Microsoft's Photosynth: taking the "photo within a photo" to the next level

Woman with robot-like patience prepares to synth a room.

I can't believe I'm blogging about a Microsoft product (Mac fan that I am), but it's hard to resist when that product is FREE and fits the August Monthly Special so well (Really it does. Just see the end of paragraph four). Photosynth is a new way of viewing (and taking) photos. Not unlike a gaming environment, a synthed photo offers a 3D immersive experience.

A "synthy" photo (their cutesy term, not mine) is composed of oodles of photos stitched together to form something way beyond those stitched panoramas you've seen. But the look is not unfamiliar. If you or someone you know plays video games that involve navigation through a virtual environment, then you know the look, except in this case the environment might be your dorm room or the reception hall of your wedding. And of course, the most important part is that unlike similar photo techniques in the past, you don't need expensive specialized tripods or programming skills to get good results.

They make it look easy. After viewing the instructional video, I'd say that the biggest skill you need is patience, specifically a high tolerance for taking photos of every inch of your scene. Watching the perky blond demonstrator point and click her way around a living room like some neo-hipster stepford wife on overdrive made my head spin. A robot or perhaps a small child bribed with bonus allowance money might come in handy for the picture-taking part of the process.

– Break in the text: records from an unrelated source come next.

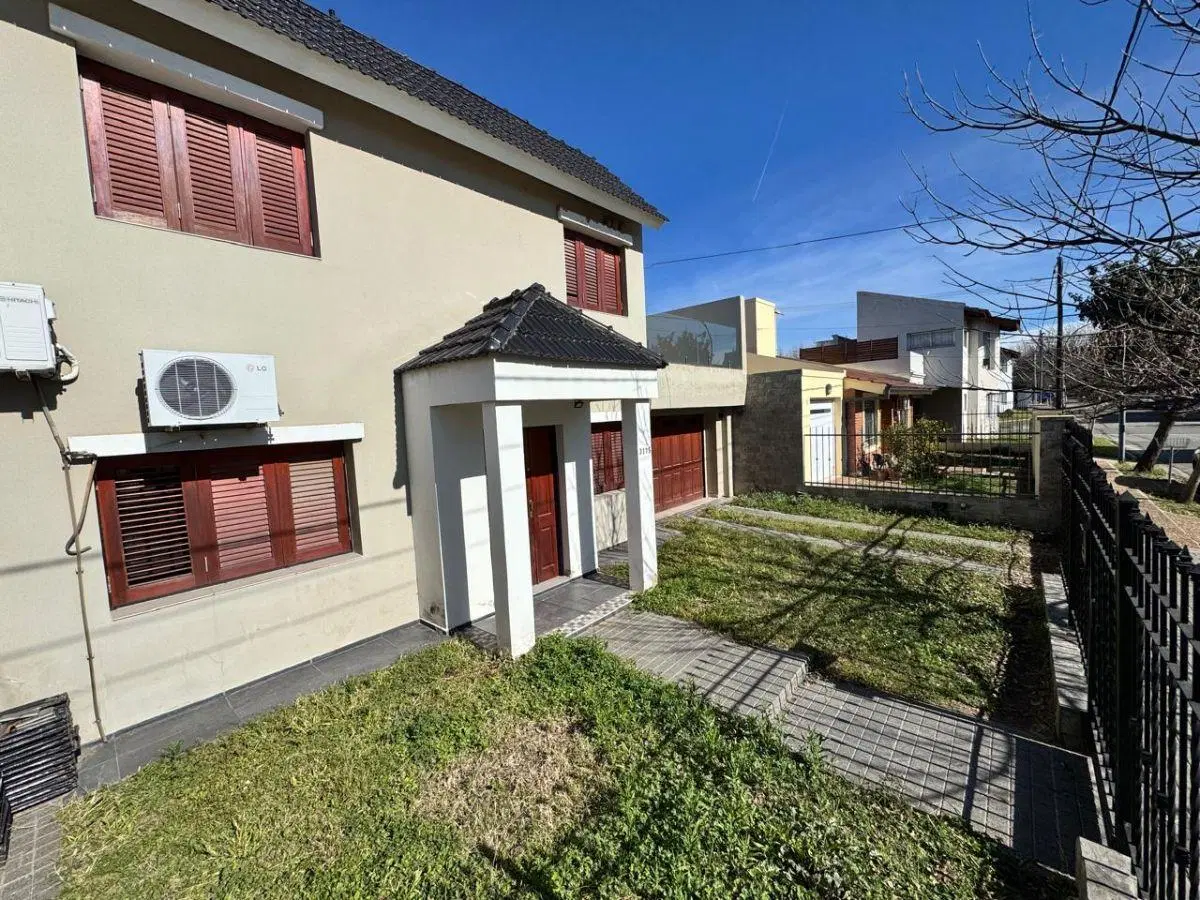 CASA EN VENTA DE 3 DORMITORIOS EN NUEVA POETA LUGONES 4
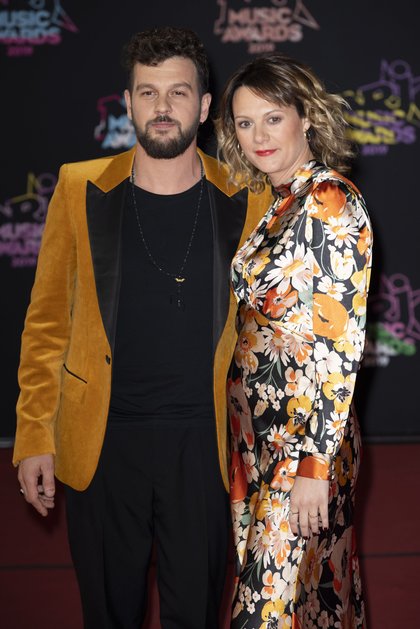 Claudio Capéo et sa femme - Montée des Marches NRJ Music Awards 2019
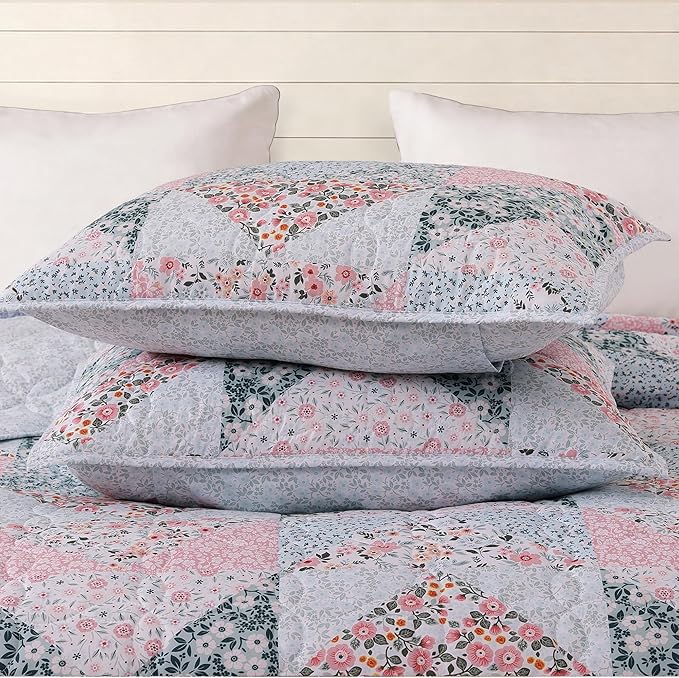 BLOOMHAVEN Quilt Set Twin Size, Patchwork Pink Floral Quilt Sets, Reversible - Image 5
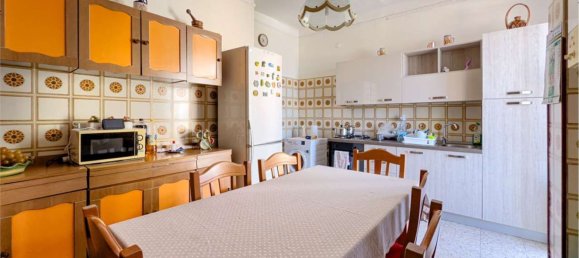 Квартира с 4 комнатами в Таранто, Италия № 139155 26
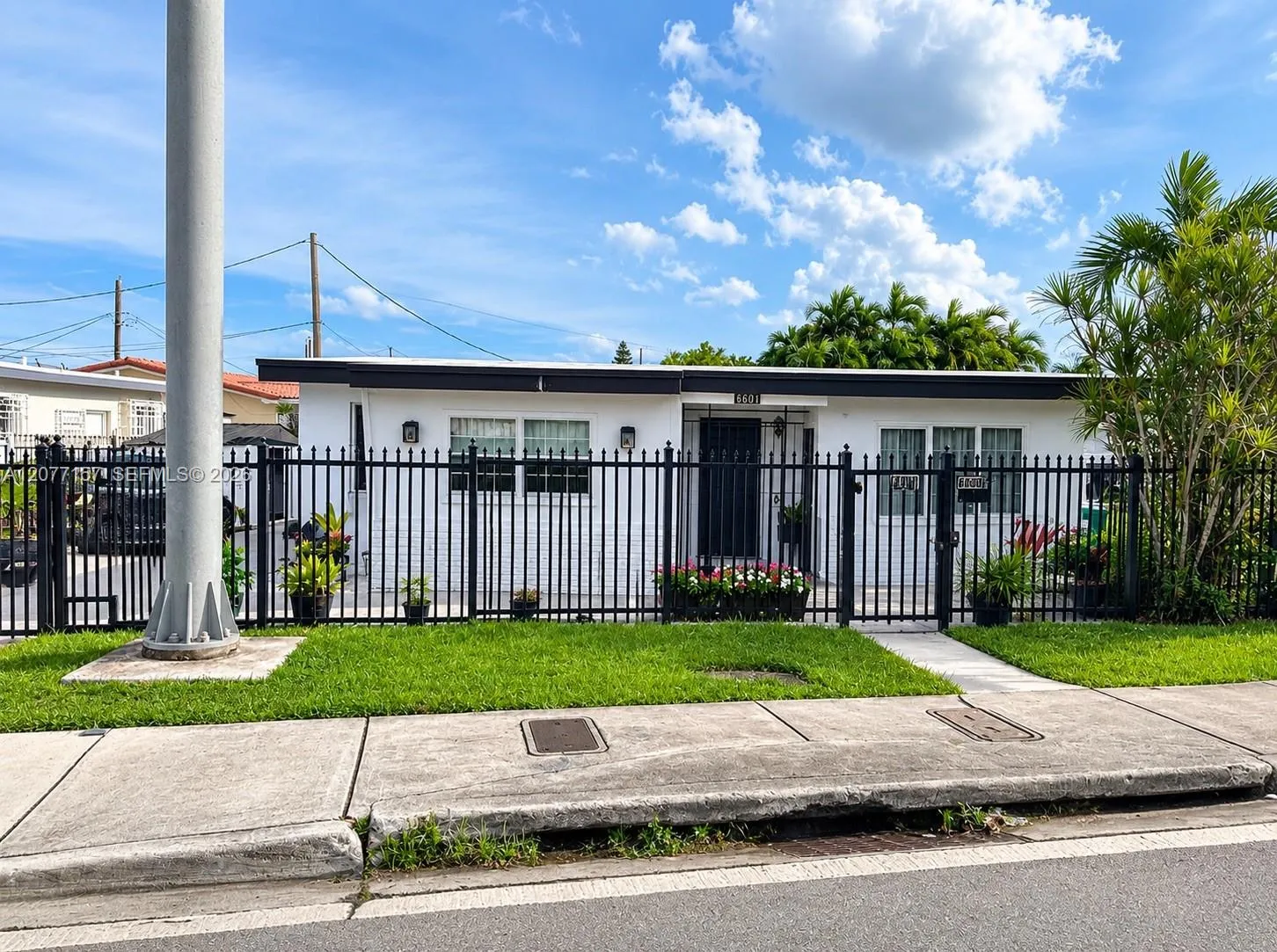 Foto de propiedad en 6060 NW 7th Street, Miami, FL 33126 Miami con MLS# 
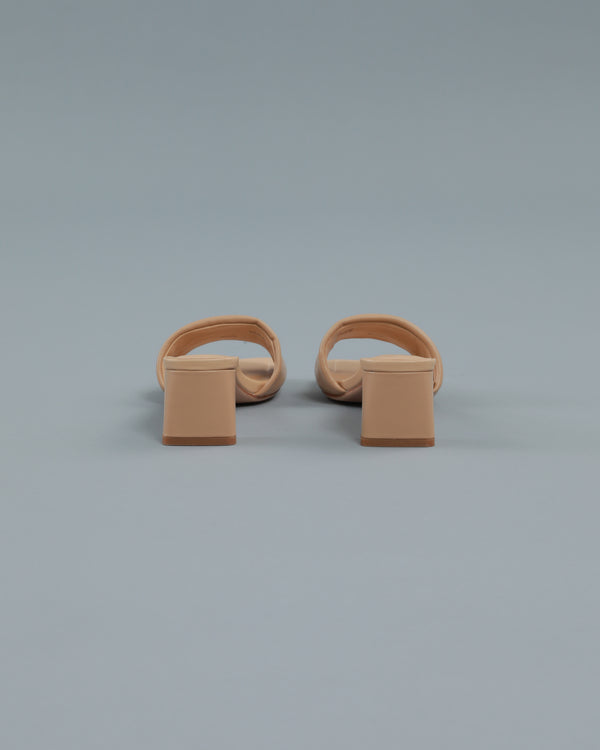 Alessandro Dell´acqua Square Toe Block Heeled Mule Beige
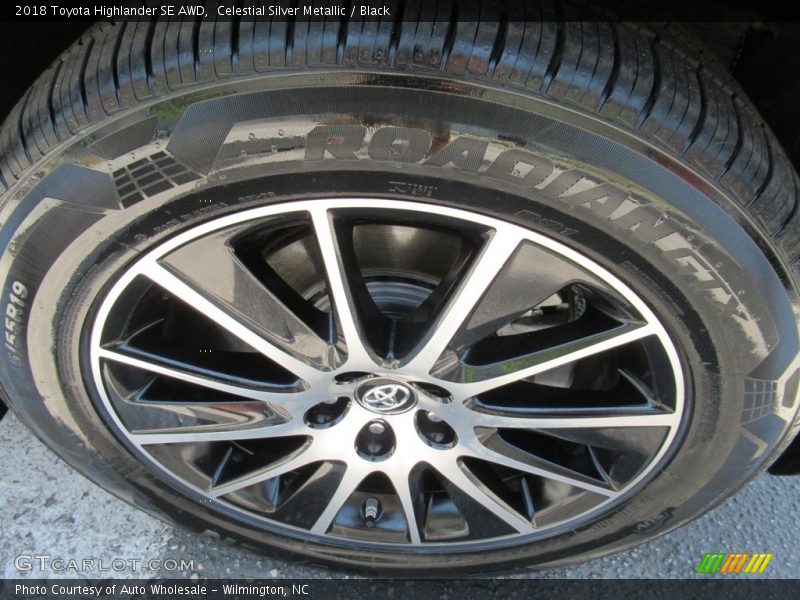 Celestial Silver Metallic / Black 2018 Toyota Highlander SE AWD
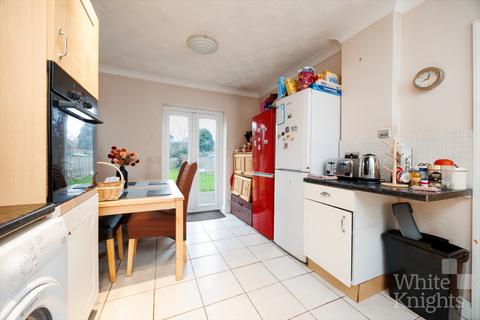 22 Hazel Crescent, Reading, RG2 7ND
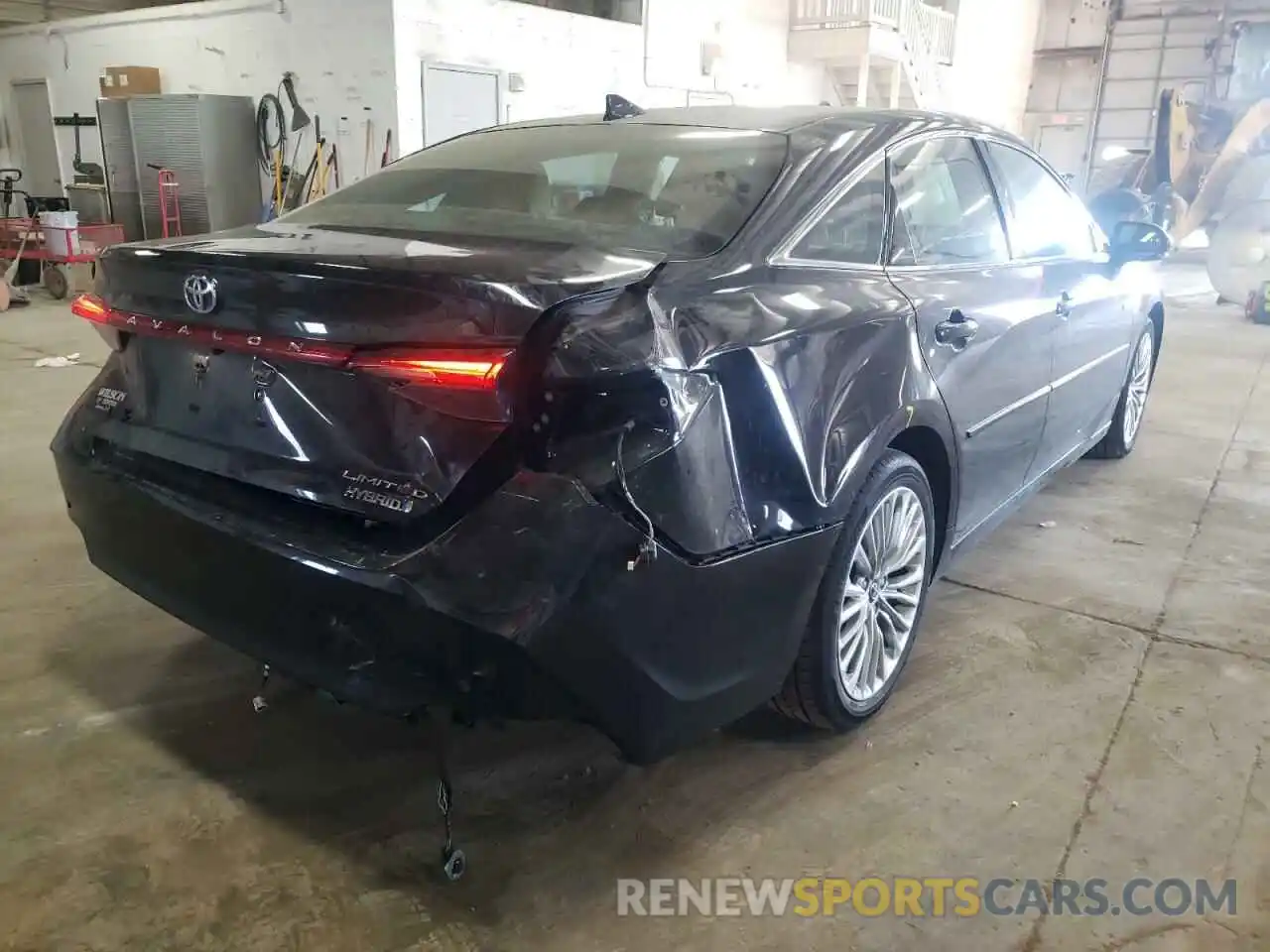 4 Photograph of a damaged car 4T1B21FB2KU005967 TOYOTA AVALON 2019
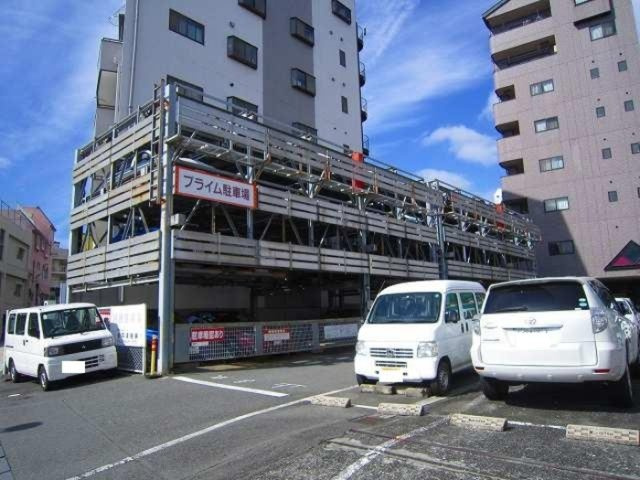 プライム21の駐車場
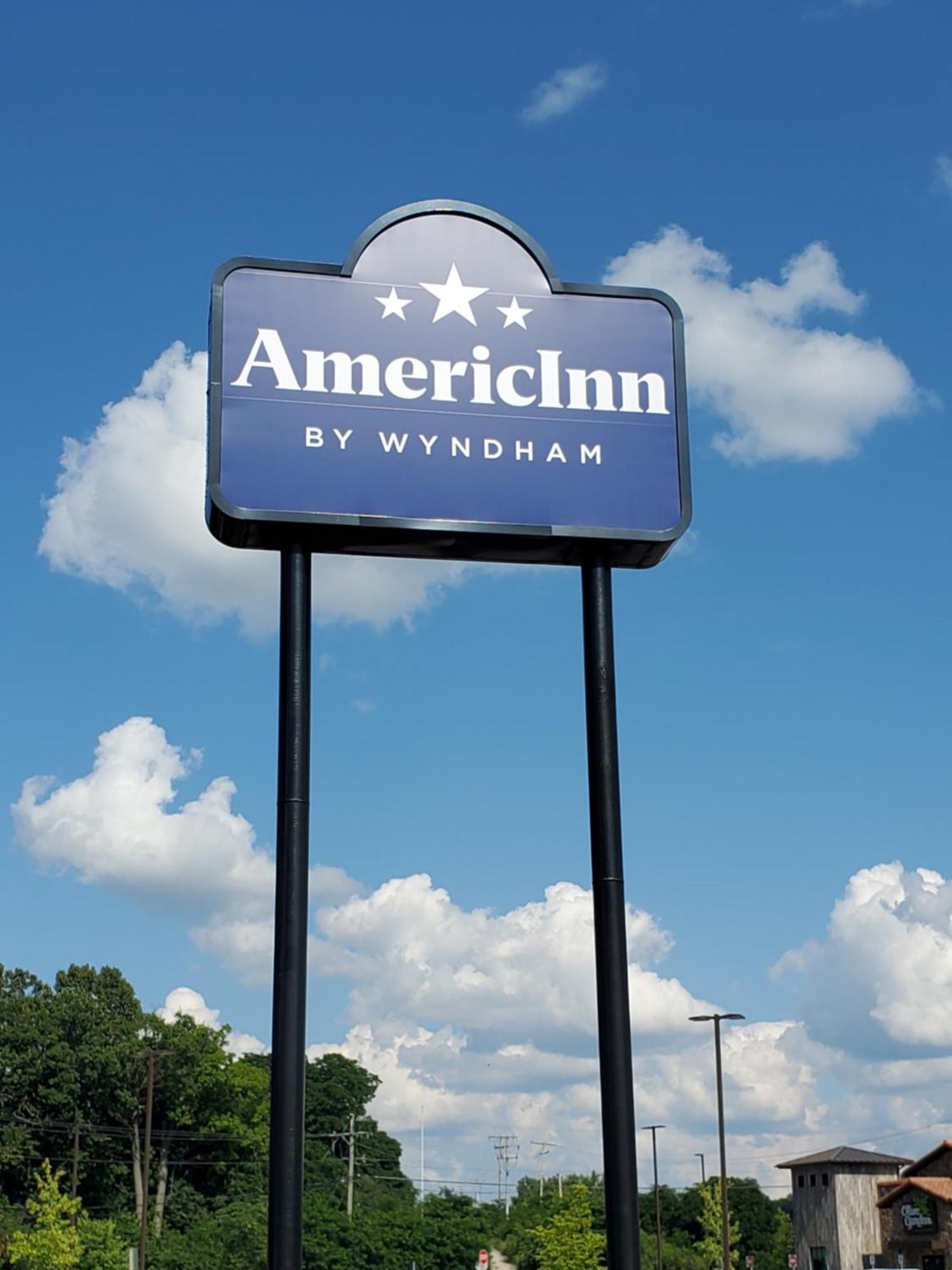 Americinn And Suites By Wyndham Delafield-Waukesha-Milwaukee Eksteriør billede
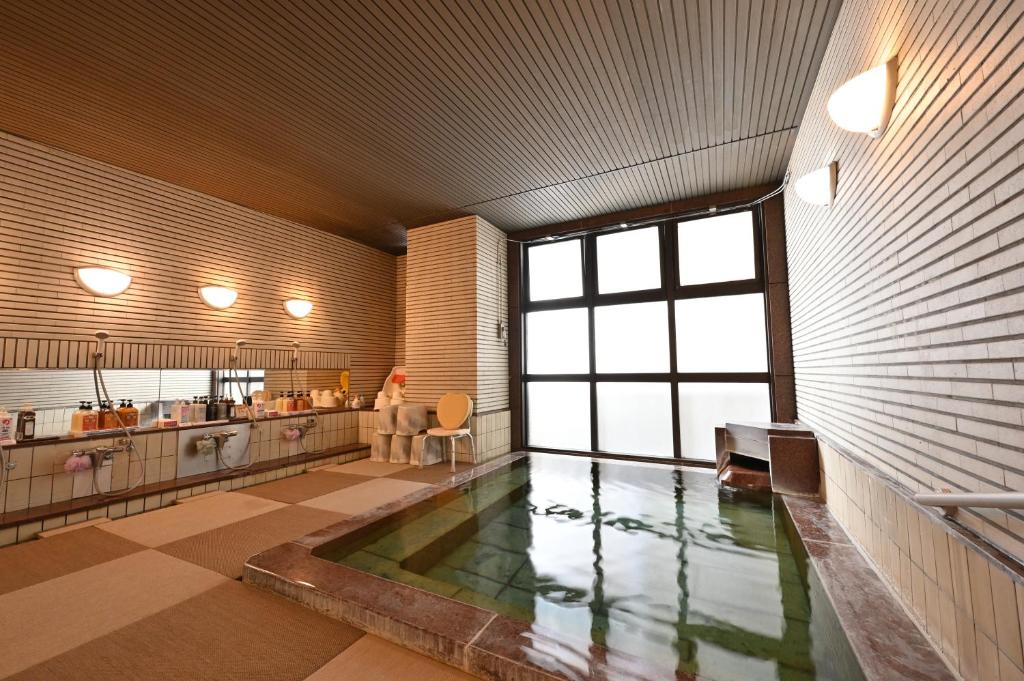 Cette grande chambre dispose d'une piscine au milieu d'un bâtiment. dans l'établissement Mimatsukan, à Shibukawa 36 autres photos
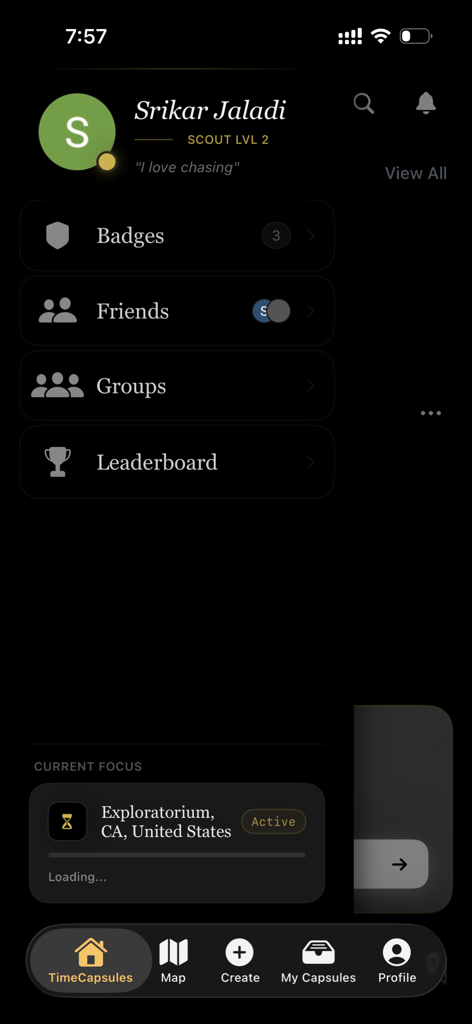 TimeCapsules - Tela de perfil do aplicativo TimeCapsules mostrando distintivos, amigos e placar com uma interface de tema escuro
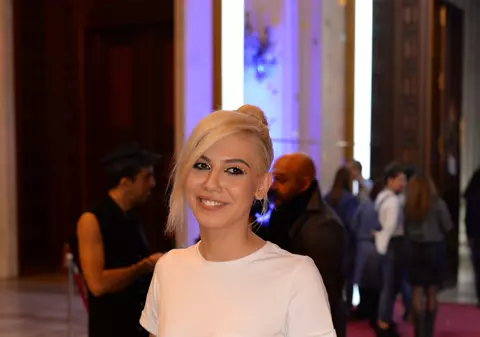 ELLE Style Awards 2016. Sore își depozitează hainele în pod. “Nu se știe când se întoarce moda!”/ VIDEO EXCLUSIV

For the creative mind, I'm sure the artistic possibilities are many, but my first impression was that synthing is a fairly mechanical process from start to finish. Nevertheless, I welcome the creative challenge. "Synthy" (Really? Must we use that term?) photos are by their nature photos within photos posing as a single unified image. Want more explanation? Check out the slightly anemic yet informative youtube videos about Photosynth and the "Seadragon" technology behind it.

My only beef with this new service is that it currently does not support the Mac OS. The only way to view or do Photosynth on a Mac is to run it in PC mode (VMware Fusion is on my MacBook Pro, but I still hate booting into Windows for anything other than Netflix streaming). When I clicked to see a synthed (sounds better than synthy, doesn't it?) photo I got the following message:

Unfortunately, we're not cool enough to run on your OS yet.

Are you mocking me, oh great and powerful Microsoft, just because my computer is played by the young, self-assured, thin guy? Fine. Be that way. I can wait. The patience training will come in handy once I start synthing.